BoBblog
Friday, May 23, 2003
Music Theory
On Fridays at Sparky's we have performances, which usually involve a guitar player whose name I can't currently recall because I'm terrible with names and always have been. Anyway, the first Friday I was working there she played a song that I was able to figure out just by watching. I went home and was able to play it myself right away. I was so proud of myself that the next time she was there (I was there with some friends on my day off-- we'd been kicked out of the Red Room, but that's another story) I asked her to play it.
And because I didn't know the name I had to describe it by the chords.
"The one where you play the C, F and G shapes up at the eighth fret... no, not barred, just open. You start with the Fmaj7 shape, then you put your pinkie down, then you switch to the C shape..." Finally I had to show her, which was very clumsy because she's right handed and I can't finger chords with my left hand to save my life. But we figured it out.

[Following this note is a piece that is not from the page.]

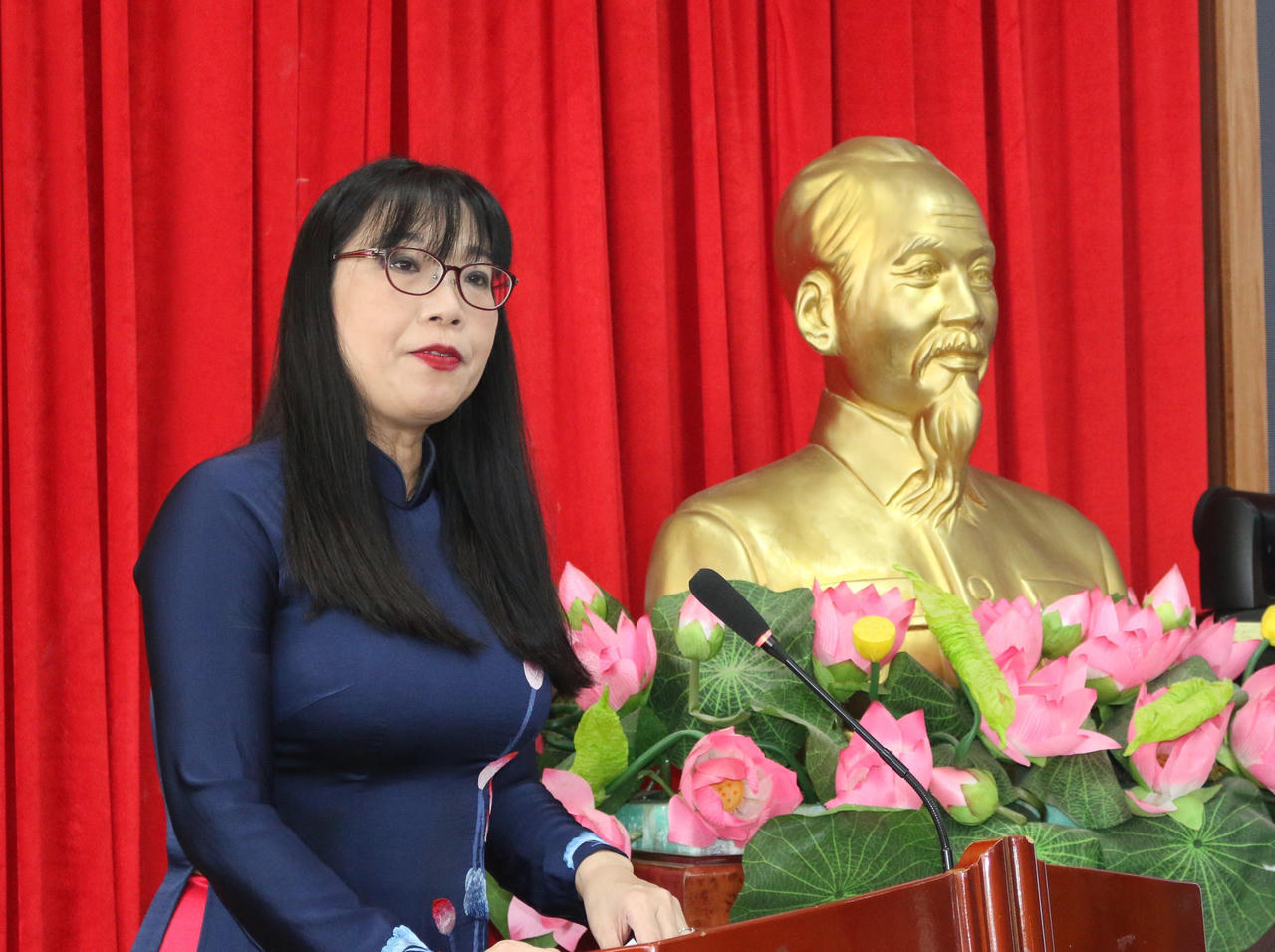 Tìm giải pháp cho những vấn đề pháp lý đặt ra với đời sống kinh tế - xã hội trong bối cảnh COVID-19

After I sat back down, another guy who apparently played guitar started gently and smilingly chiding me for all my Fmaj7 talk. "There are the people who just know how to hear music, and there are the people who know all the theory..."
I've never had the ear to tell the difference between a M6 interval and a m6 one, at least not without stopping everything and humming the NBC jingle followed by Greensleeves, so I've had to fall into the latter category. One of the things that's always interested me about music theory is how many different approaches there are to it. I really enjoy starting over at the first principles of something I supposedly already know and seeing all the different ways of presenting it, all the angles I'd never noticed before.
My first exposure was in a general grade school music class, populated by everyone from piano prodigies to the tone deaf. The teacher tried valiantly not to bore the former without completely befuddling the latter, and managed to give us the basics of learning intervals, key signatures, the circle of fifths, relative minors and the like.
My next exposure was in jr. high band. As such, it was much more practical. Playing trombone required that I know whole notes from half and quarter notes, that I could recognize key and time signatures... basically that I could follow musical notation like a computer executing a program. Then and only then we would look at maybe getting some feeling or emotion into the notes. Trombone can play only one note at a time, so forget all that complicated harmony stuff.
Next was high school "Musicianship" class, wherein we did a bit of ear training (though not enough to do me much good), transcription, voice leading, and some introductory composition.
Most recently I've started playing guitar. The approach to music theory for guitar players is mainly chord theory for reasons that should be obvious. Chords are endlessly fascinating to me. I suspect that a big part of the reason I'm not a better guitar player after five years has a lot to do with my rush to try and learn as many chord shapes and variations as possible without stopping to practice changing between them or learning how they can work together.
Anyway, the most recent -- and to me, most interesting so far -- approach to music theory that I've stumbled upon is the esoteric approach. Pythagoras wasn't a mathematician, music theorist and mystic out of sheer dilletantism, you see, but because he saw an intrinsic link between the three subjects.
Music is organized sound, you see. And sound is vibration. In Pythagoras' mystic view of reality, all things are in vibration. Much of modern physics bears this view out-- down on the quantum level we are all possibility waves. So music, properly seen, is a model for all things. Mathematics can describe the world, and music, with its vibrational ratios, is math made physical.
Ok... This was all supposed to be introductory, and I had no idea I'd ramble on so much. I'll have to go further into these ideas in a later entry, I suppose. Anybody wanting a sneak preview should go to the same place I first learned about all this-- the website of Richard Lloyd, one of the two original guitar players for the legendary New York punk band Television.